With all respect to the improvements made in new model machine tools it is obvious to anyone with a working knowledge of both the very latest types and those built during the past ten years, that the statement is somewhat exaggerated.
The manufacturer cannot be blamed for his pride in his new models; but except for improvements in automatic equipment (controls) and in general appearance, the average 1950 model is fundamentally the same as machines which have been in operation for a number of years.
There is no need for manufacturers to cast aspersions on their last year’s models. You don’t catch General Motors (conceded to be smart merchandisers) talking about how quaint the 1935 Cadillac has become. Not on your life. They spend part of each year’s advertising appropriation telling how many of the 1935 models are still providing good service.
Our daily contacts are with people who buy and sell surplus industrial equipment. Their stock in trade is a practical knowledge of the difference between the current model machines and those which were built previously. When dealers select surplus machines for their stock, they must automatically eliminate those machines which are obsolete or which cannot be modernized economically.
Such dealers recognize the wisdom recently demonstrated by a steel mill which had in its plant a large machine tool which was 40 years old. To replace this tool would have meant an investment of $250,000. For a fraction of this amount, the enterprising management had the machine rebuilt and modernized by a dealer. Nine out of ten plant managers would have considered a forty-year-old machine a number one candidate for a historical museum, but not this Johnny-on-the- spot. He saved his firm nearly $200,000 in one crack.
Contrast this with the decision of another plant which was offered a 1940 model 60-inch lathe by a different dealer. Although the machine was almost identical with the latest model and was offered at only 60% of new cost, the buyer turned it down on the basis of age alone. He had been foolishly instructed to buy a machine built in 1944 or later.
These two extreme examples demonstrate the sound business practice of purchasing serviceable plant equipment which has been used in prior operations.

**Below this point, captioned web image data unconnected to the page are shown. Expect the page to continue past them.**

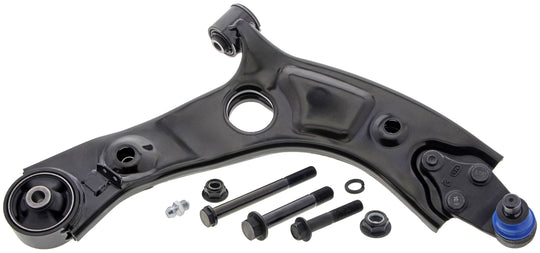 CMS901248 Suspension Control Arm and Ball Joint Assembly Mevotech Supreme Canada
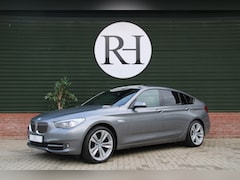 BMW 5-serie Gran Turismo - 550i Automaat High Executive - Youngtimer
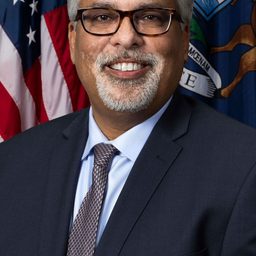 Sam Singh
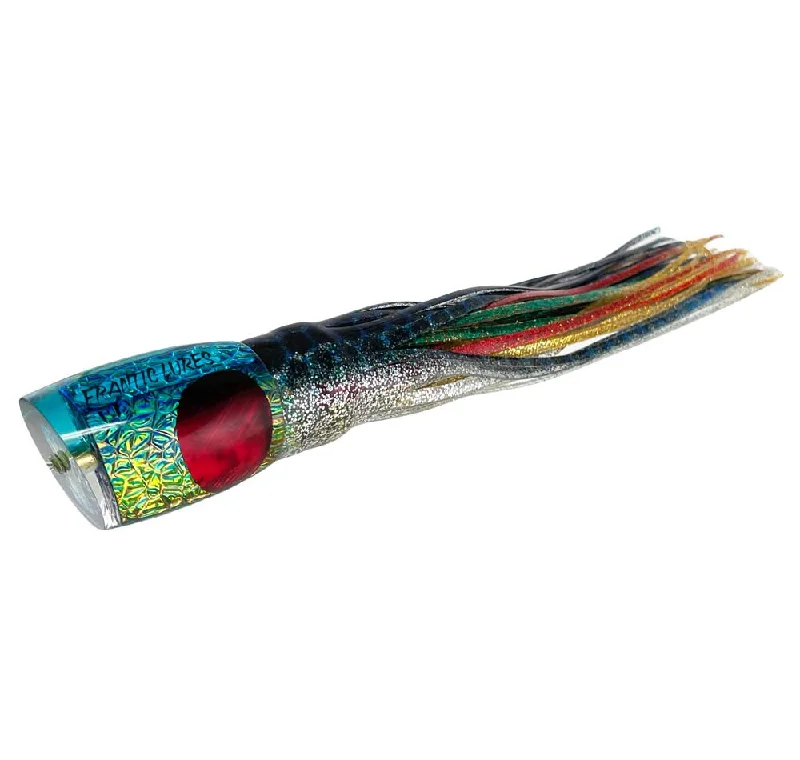 Frantic Lures Chaos 8.5" Skirted Lure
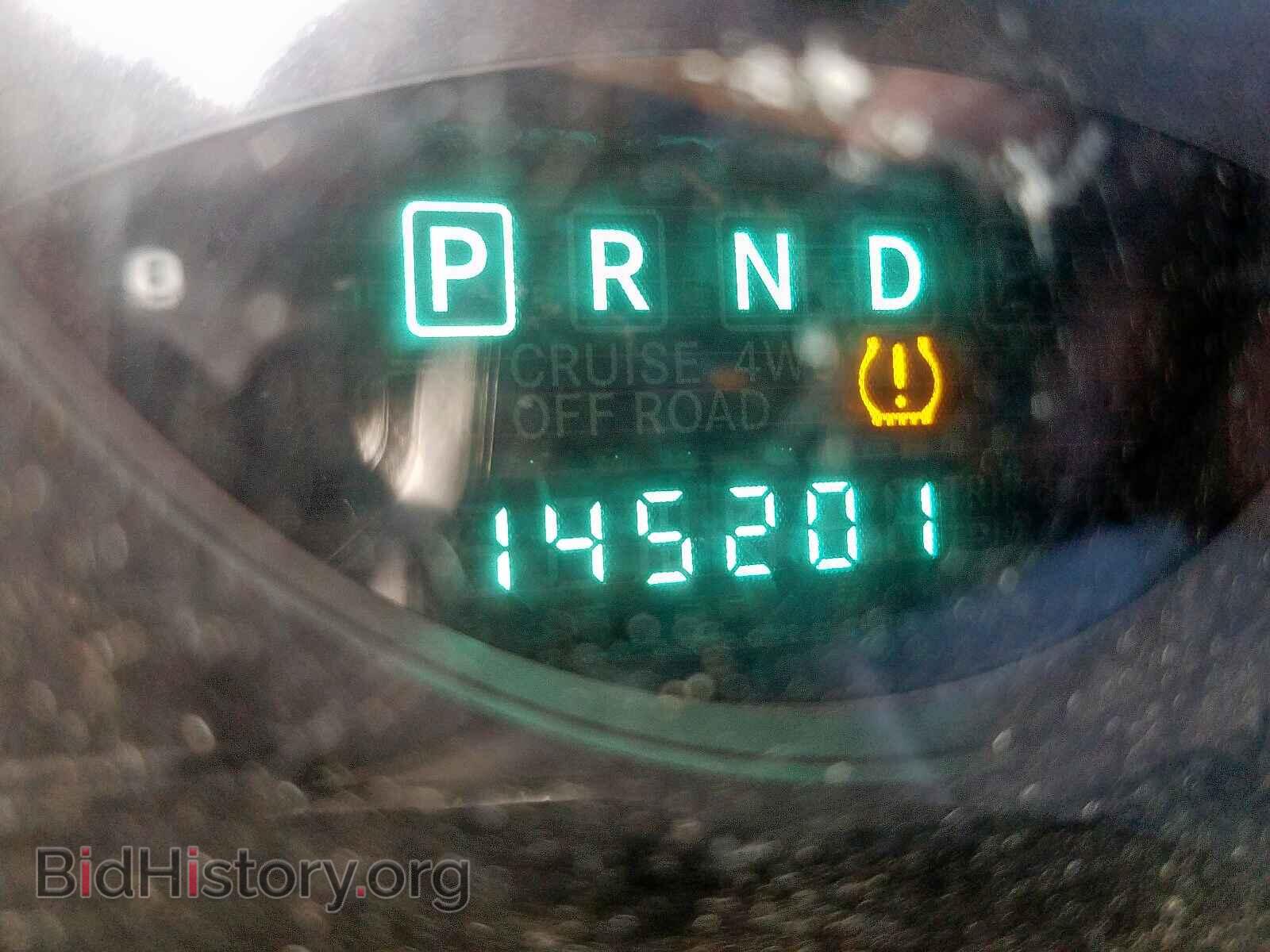 2011 JEEP COMPASS - VIN: 1J4NT1FA5BD138500 - Фото 8
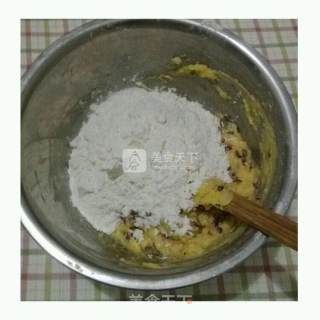 Cranberry Cookies recipe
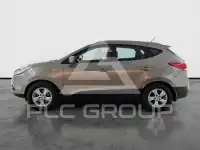 2010 Hyundai IX35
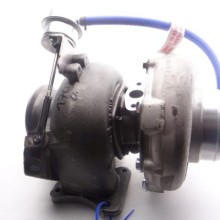 Turbocharger BTN TURBO 739542-5002S OE Ref 1520024 BTN TURBO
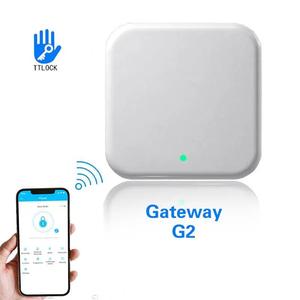 G2 Gateway Wifi 2.4G, Convierte Wifi a BLE para Control Remoto con la Aplicación TTlock, para Cerraduras Inteligentes - Product Image 1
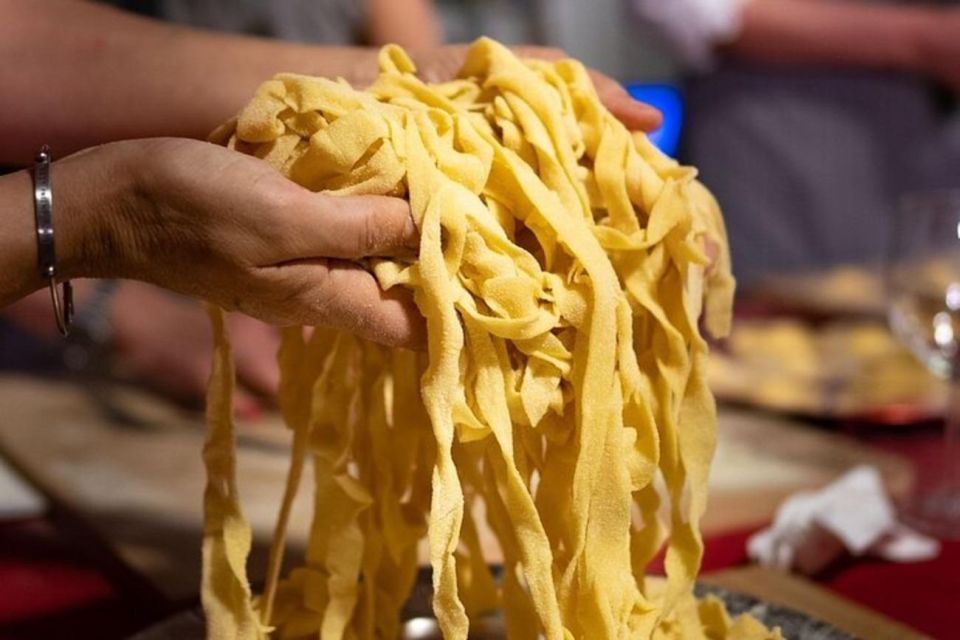 Cooking Class Private Tour in Rome - Frequently Asked Questions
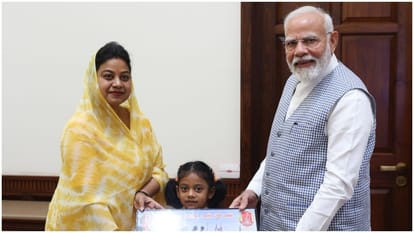 कार्यकर्ताओं का क्या: भाजपा में परिवारवाद पर दोहरा मापदंड? सांसद-विधायक के टिकट पर दी एंट्री, यहां बैन Madhya Pradesh BJP Faces Criticism Over Double Standards on Dynasty Politics Hindi News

The fact that there are thousands of machines in various categories transplanted every month from one shop to another through the screening process of dealers and rebuilders proves that there are many plant operators in agreement with the steel mill manager mentioned above . . . that there are years of efficient operation built into well-constructed American machinery . . . and that the saving in capital investment more than offsets the lack of chromium-plated streamlining.
“Vintage” appropriately applies to wine and antiques—not to serviceable machinery. The unused potential in a machine which has had the average amount of care is unlimited, regardless of its age.